Ilustrasi biru dengan ponsel Android

Seiring meningkatnya fungsionalitas dan kompleksitas aplikasi, mengujinya secara manual untuk memverifikasi perilaku menjadikannya pekerjaan yang menjemukan, mahal, atau tidak mungkin dilakukan. Aplikasi modern, bahkan yang sederhana sekalipun, mengharuskan Anda memverifikasi daftar poin pengujian yang terus bertambah seperti alur UI, pelokalan, atau migrasi database. Memiliki tim QA yang tugasnya memverifikasi secara manual bahwa aplikasi sudah berfungsi adalah sebuah pilihan, tetapi memperbaiki bug pada tahap tersebut membutuhkan biaya tidak sedikit. Semakin cepat Anda memperbaiki masalah dalam proses pengembangan, maka semakin baik.

Mengotomatiskan pengujian adalah pendekatan terbaik untuk menangkap bug lebih awal.

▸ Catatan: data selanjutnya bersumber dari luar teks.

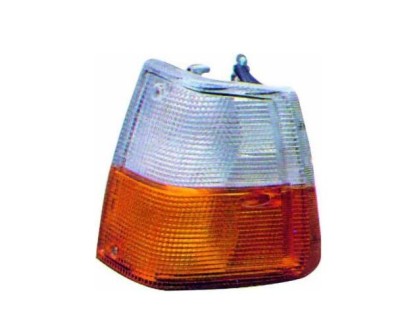 Semnalizare fata cu lumina parcare VOLVO 240 (P2), 81-93, partea Stanga, DEPO, tip bec P21/5W+P21W; cu dulie bec; foto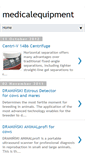 Mobile Screenshot of me-medicalequipment-info.blogspot.com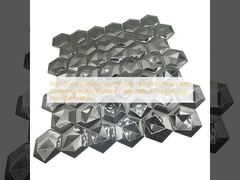 벽과 바닥 장식을 위한 맞춤형 크기와 다양한 색상 옵션을 갖춘 고급 스테인레스 스틸 모자이크 타일 304 316 201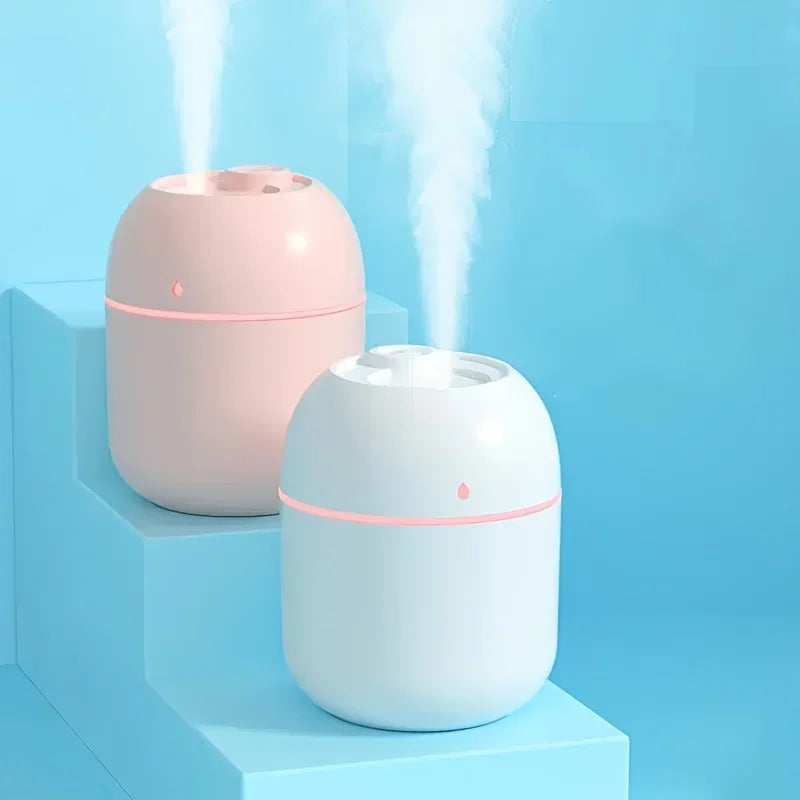 220ml H2O Mini Cup Mist Humidifier with Double Spray Function Shop1102059912 Store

Pengujian otomatis (mulai sekarang disebut pengujian) adalah bidang yang luas dan Android menawarkan banyak alat dan library yang boleh jadi tumpang tindih. Karena alasan ini, para pemula sering kali menganggap pengujian itu tidak mudah.

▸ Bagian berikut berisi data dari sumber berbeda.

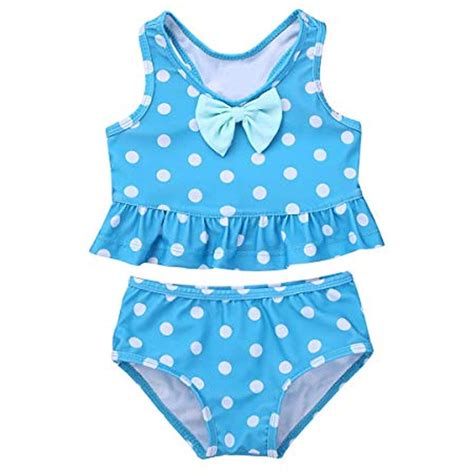 Iiniim Baby M Dchen Tankini Bikini Einteiler Badeanzug Polka Dots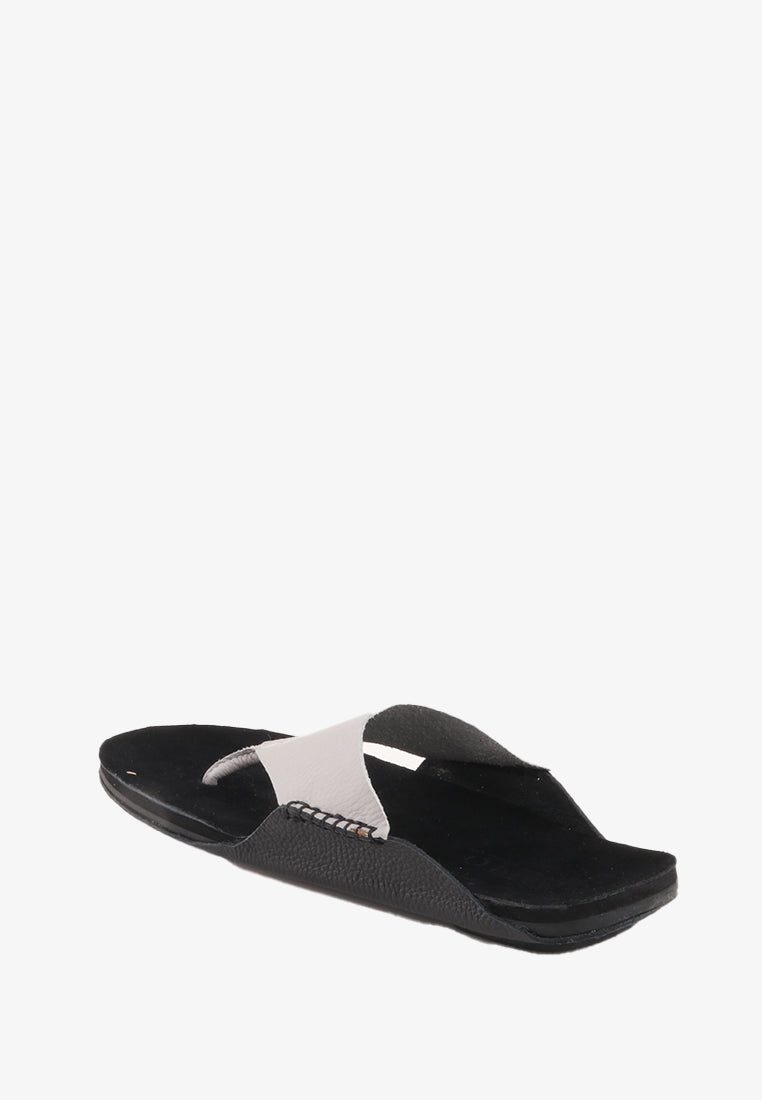 ALEJO GENUINE LEATHER SANDALS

Menanggapi masukan ini, dan untuk mengakomodasi Compose dan panduan arsitektur baru, kami mengubah dua bagian pengujian di d.android.com:

Pelatihan

Pertama, ada Pelatihan pengujian baru, yang mencakup dasar-dasar pengujian di Android dengan dua artikel baru: Apa yang harus diuji, panduan dogmatis untuk pemula, dan panduan terperinci tentang Pengujian ganda.

Memalsukan dependensi dalam pengujian unit

Memalsukan dependensi dalam pengujian unit


Setelah memberikan ringkasan tentang teori, panduan ini akan berfokus pada contoh praktis dari dua tipe pengujian utama.